La société civile elle-même, organisée avec une sollicitude si grande, au cours du moyen-âge, armée d’une force de résistance si remarquable, ne pouvait trouver grâce devant elle. Malgré l’ébranlement qu’elle a déjà subi, ses ennemis sentent bien que les lois sur lesquelles elle repose ont encore un parfum trop fort d’essence chrétienne. C’est pour cela que les lois qui régissent le mariage, comme son inviolabilité et son indissolubilité, sont dénoncées par elle, tournées en ridicules sur la scène ou dans le roman sans mœurs, ou menacées par des lois iniques.

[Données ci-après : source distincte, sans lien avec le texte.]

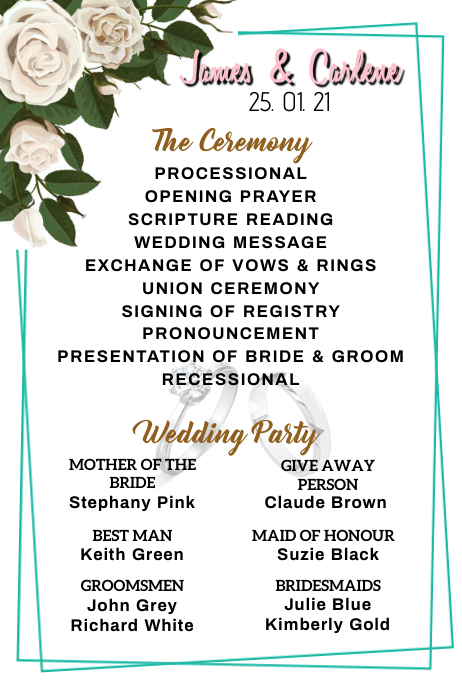 Wedding Ceremony-Vorlage | PosterMyWall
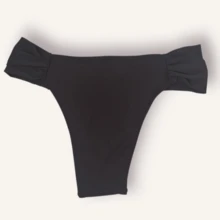 Thong Bikini Panties Simple Elegant Casual Draped Colorful - 鏽棕色 - 查看 1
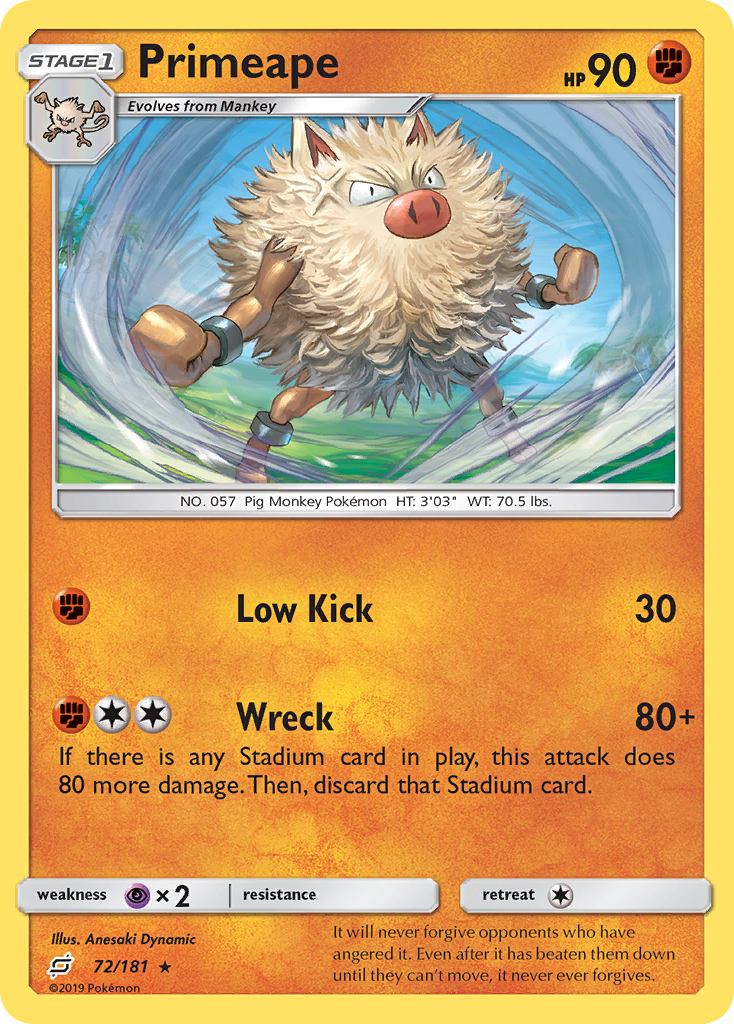 Primeape (72/181) [Sun & Moon: Team Up] | Devastation Store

Elle s’empare de l’enfance qu’elle arrache aux bras et à la foi des parents et qu’elle entasse dans ses écoles où on lui enseigne autre chose que les traditions chrétiennes.

Elle ne sera satisfaite que le jour où ces bases sociales n’existeront plus, et qu’elle dictera à la société des conditions d’existence conformes à sa doctrine, c’est-à-dire le jour où elle la conduirait infailliblement à la banqueroute, si la Providence n’était là pour lui dire comme jadis à son maître : Vade retro !

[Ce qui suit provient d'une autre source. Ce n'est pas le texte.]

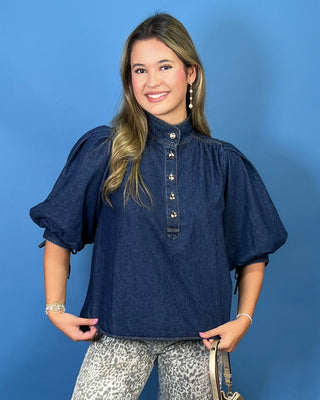 Willow Creek Dark Denim Drop Hem Tie Sleeve Top - All About You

Inutile d’insister d’avantage : il est certain que la franc-maçonnerie constitue un danger permanent que tout homme d’honneur et de cœur devrait combattre ; bien plus aucun gouvernement ne devrait en tolérer l’existence ni l’admettre dans ses conseils.


Dans tous les cas, pour ce qui concerne le catholique, le chrétien et le philosophe qui veulent être sérieux, ce qui précède suffit pour leur indiquer leur devoir et nous n’en demandons pas davantage aujourd’hui.

Désormais, que tous les francs-maçons et les membres des sociétés organisées sur la même base, et qui leur sont sympathiques, nous soient suspects, n’ayons aucuns rapports avec eux, et n’hésitons pas à les faire connaître au grand jour.

Il est vrai que l’Église a supprimé l’excommunication qui atteignait jadis ceux-là qui ne dénonçaient pas même les simples francs-maçons, mais l’obligation de droit commun reste toujours.

Cependant n’oublions pas les droits de la charité chrétienne. Soyons sages et prudents ! Nous savons ce que veut l’Église, elle a besoin de connaître ses ennemis, mais n’oublions pas non plus que la calomnie et l’injustice lui font horreur. Dans une matière aussi grave, nous dirons simplement avec la théologie :

« Si l’on n’a pas de preuve de ce qu’on soupçonne ou de ce qu’on a entendu dire, la charité et la justice exigent que l’on garde le silence. »

Mais à celui qui possède la preuve et la certitude, il n’est plus permis d’hésiter ni de se taire.


  1. S. Thom. 2 da, 2 dae. Q. 33, art. VII, o.